(RECORDS FOR THE EXERCISE)
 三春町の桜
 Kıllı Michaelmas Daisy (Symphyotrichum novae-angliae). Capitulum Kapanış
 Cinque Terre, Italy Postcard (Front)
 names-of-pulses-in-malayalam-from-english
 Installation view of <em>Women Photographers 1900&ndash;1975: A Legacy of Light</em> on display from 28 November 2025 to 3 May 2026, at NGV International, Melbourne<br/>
(End RECORDS FOR THE EXERCISE)
(RECORDS FOR THE EXERCISE)
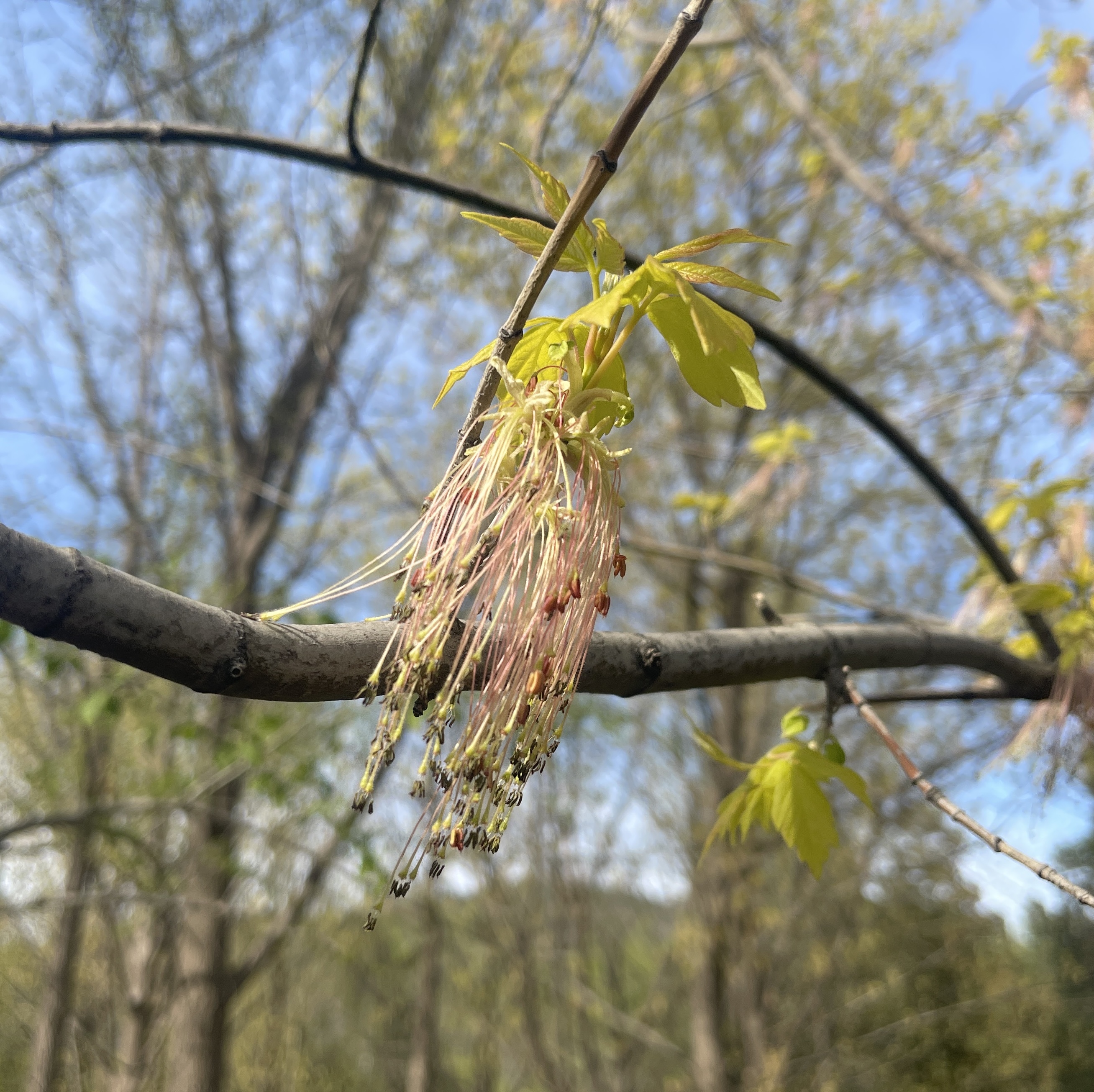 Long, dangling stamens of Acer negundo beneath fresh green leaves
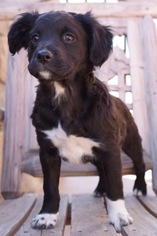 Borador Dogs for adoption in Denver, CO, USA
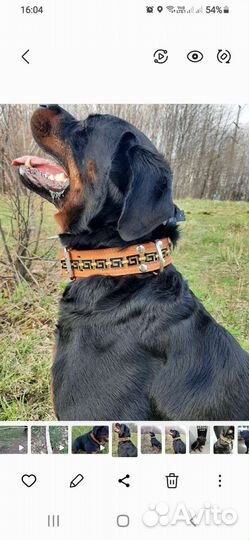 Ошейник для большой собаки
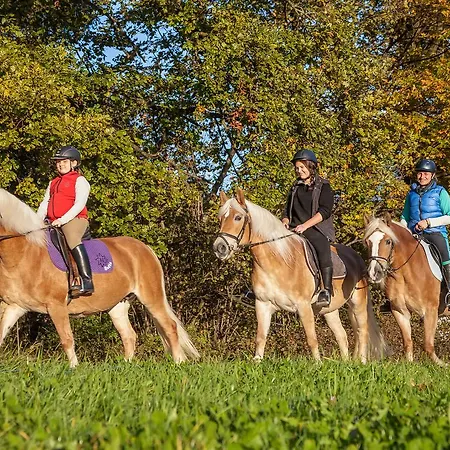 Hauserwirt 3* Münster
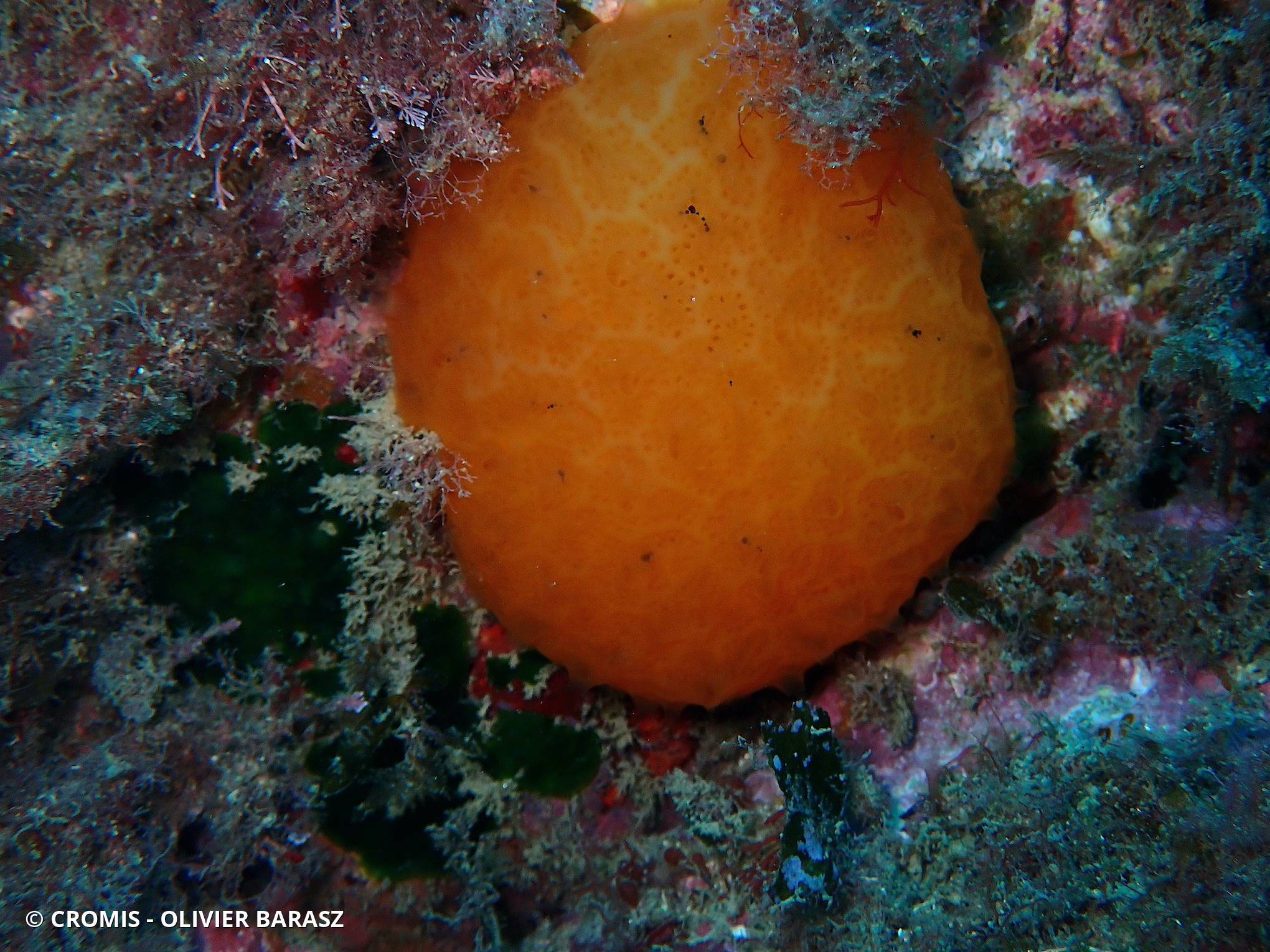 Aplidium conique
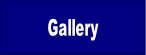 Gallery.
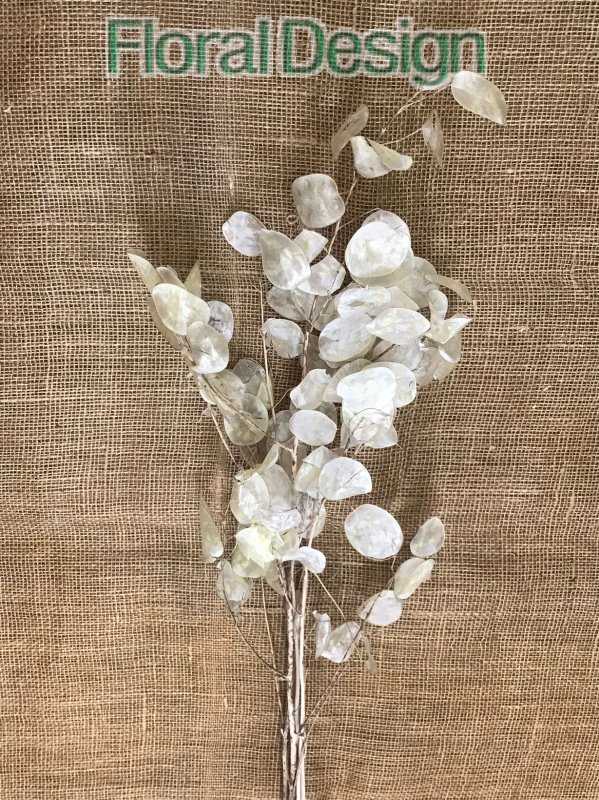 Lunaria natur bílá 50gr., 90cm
(End RECORDS FOR THE EXERCISE)
(RECORDS FOR THE EXERCISE)
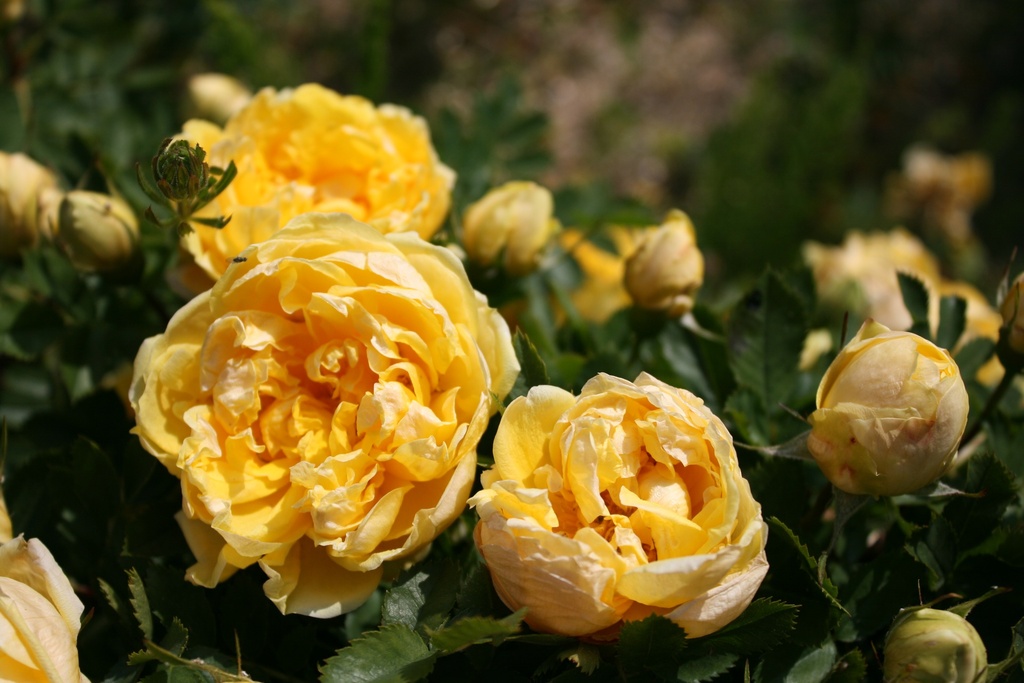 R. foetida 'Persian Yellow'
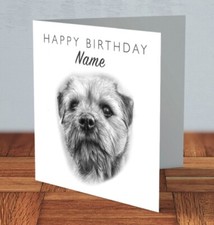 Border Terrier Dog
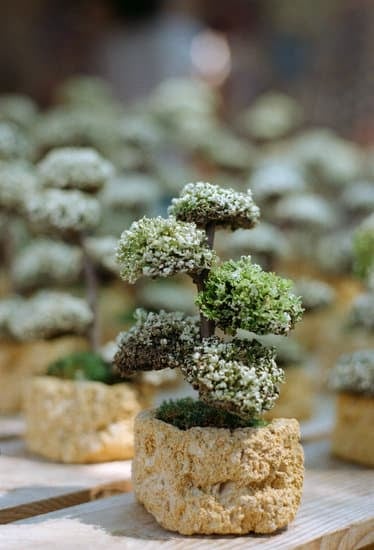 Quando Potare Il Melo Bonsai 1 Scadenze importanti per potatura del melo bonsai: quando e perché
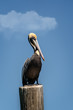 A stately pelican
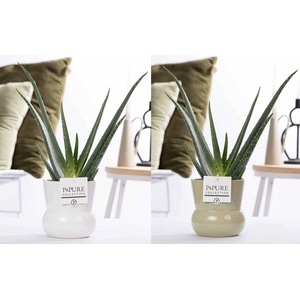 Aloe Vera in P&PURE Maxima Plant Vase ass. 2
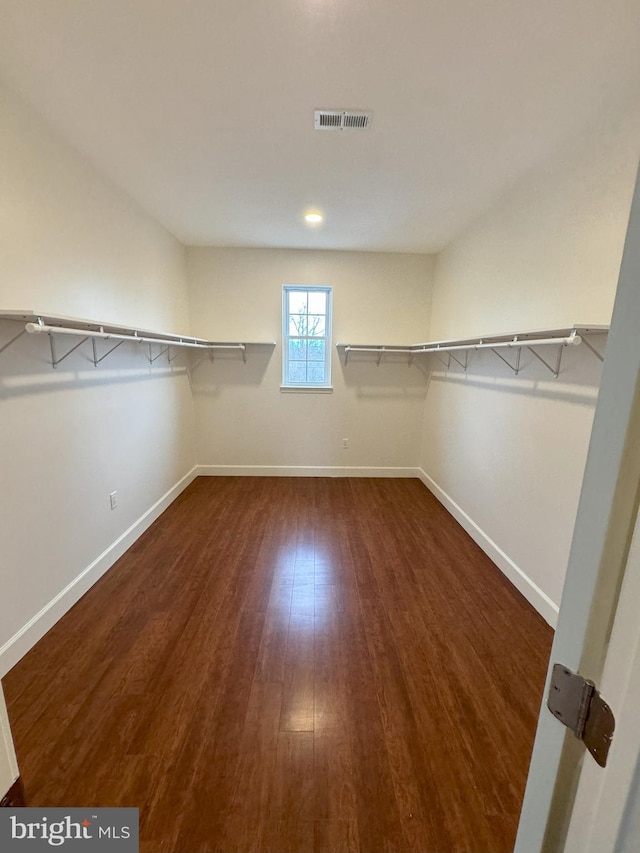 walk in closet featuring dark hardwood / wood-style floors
(End RECORDS FOR THE EXERCISE)
- _EXERCISE REQUIREMENTS_:
Reproduce word for word, with pictures dropped, only the part of the material above that opens with the line containing "Ошейник для большой собаки" and closes with the line containing "Lunaria natur bílá 50gr., 90cm".

- _WRITTEN ANSWER_:
 Ошейник для большой собаки
 Hauserwirt 3* Münster
 Aplidium conique
 Gallery.
 Lunaria natur bílá 50gr., 90cm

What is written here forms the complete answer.